An unnamed man with no memories and his companion Kad struggle to survive after a disaster neither can recall has decimated their city. They forage for supplies and do their best to avoid The People, a cult created by former construction magnate Miles Dunwoody that turns its followers into zombies. The unnamed narrator encounters other survivors that haven’t been recruited by The People, tries to find clues about his own past, and struggles with his feelings for Kad.
“I’ve concluded that happiness lives in the ephemera. You cannot see it, nor can it be considered tangible. It’s not quite an optical illusion—no, not quite—but if you try to catch it, with the ultimate intention of somehow sustaining it for a prolonged period, then happiness will quickly dissolve to grief and disappointment—inevitably, fatally.”

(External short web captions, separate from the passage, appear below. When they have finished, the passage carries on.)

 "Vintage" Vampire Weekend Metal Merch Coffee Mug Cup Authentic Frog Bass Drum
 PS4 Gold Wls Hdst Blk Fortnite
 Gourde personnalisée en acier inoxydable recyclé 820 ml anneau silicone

I Dream of Mirrors fits mostly in the genre of dystopian science fiction. However, to call it that is much like calling Naked Lunch by William S. Burroughs (a very clear influence here) science fiction. It’s true, but it creates expectations that would be quickly shattered by reading it. For example, the book opens with Kad and the unnamed narrator fighting members of The People in an action sequence. Here, Kelso creates the expectation that we’ll be following the leads as they battle the people and then undercuts this when the narrator is separated from Kad and finds himself impotently wandering around the streets.

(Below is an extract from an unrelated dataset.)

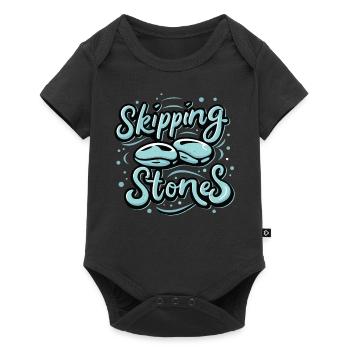 Skipping Stones - Baby Premium Kurzarmbody - Schwarz - Vorne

Kelso subverts expectations in the form of the book as well as in the narrative. The book contains chapters called “Rules of The People” which describe the rules set by the cult of The People, each one a parody of the Bill of Rights of the US Constitution. These chapters, however, stop after the third rule. Likewise, the unnamed narrator makes a couple attempts to keep a journal, but quickly abandons the idea. If I had to “pitch” this novel, I’d describe it as a Ballardian apocalypse as written by Barry N. Malzberg.
A major theme of the book is the need to seek narrative in a fractured and confusing world that stubbornly refuses to provide one. The story makes both explicit and subtle references to the works of other authors such as Herman Melville, Dennis Cooper, and Octavia Butler. Miles Dunwoody, the nominal villain of the book, spends much of his time trying to convince the narrator that he has the answers to his questions about his past. The narrator rejects them as both being unpleasant and too easy, though he often questions his opposition to Dunwoody.
Despite the way the book often throws everything off-kilter, it remains very readable. The characters are all interesting in how they struggle with their situations and questionable memories, the action beats are exciting, and Kelso paints a desolate world in vivid prose.